:: What to work on ::
Set the listing down exactly; no pictures.
___ Dataset content
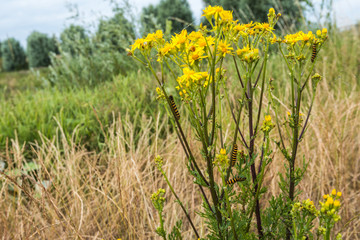 Yellow flowering Ragwort plant with caterpillars.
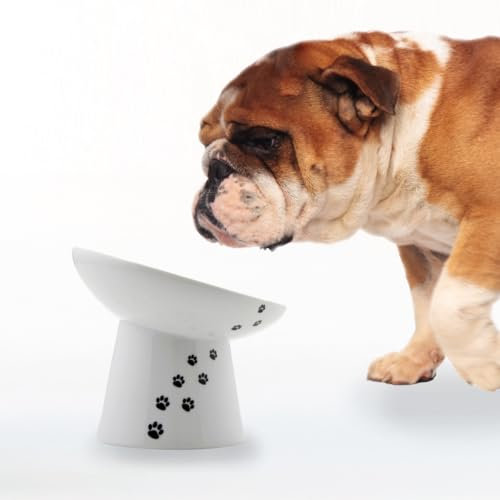Necoichi Raised Dog Food Bowl, Elevated, for Dogs and Cats, Pets Feeding Feeder Non-Slip for Small Dogs Dishwasher and Microwave Safe, No.1 Seller in Japan! (Dog, Extra Wide Tilted)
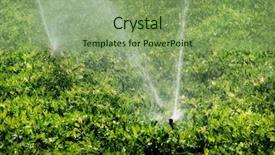 Presentation with irrigation - PPT theme consisting of irrigation des champs - image of vegetable fields background and a seafoam green colored foreground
______
:: Expected output ::
 Yellow flowering Ragwort plant with caterpillars.
Necoichi Raised Dog Food Bowl, Elevated, for Dogs and Cats, Pets Feeding Feeder Non-Slip for Small Dogs Dishwasher and Microwave Safe, No.1 Seller in Japan! (Dog, Extra Wide Tilted)
 Presentation with irrigation - PPT theme consisting of irrigation des champs - image of vegetable fields background and a seafoam green colored foreground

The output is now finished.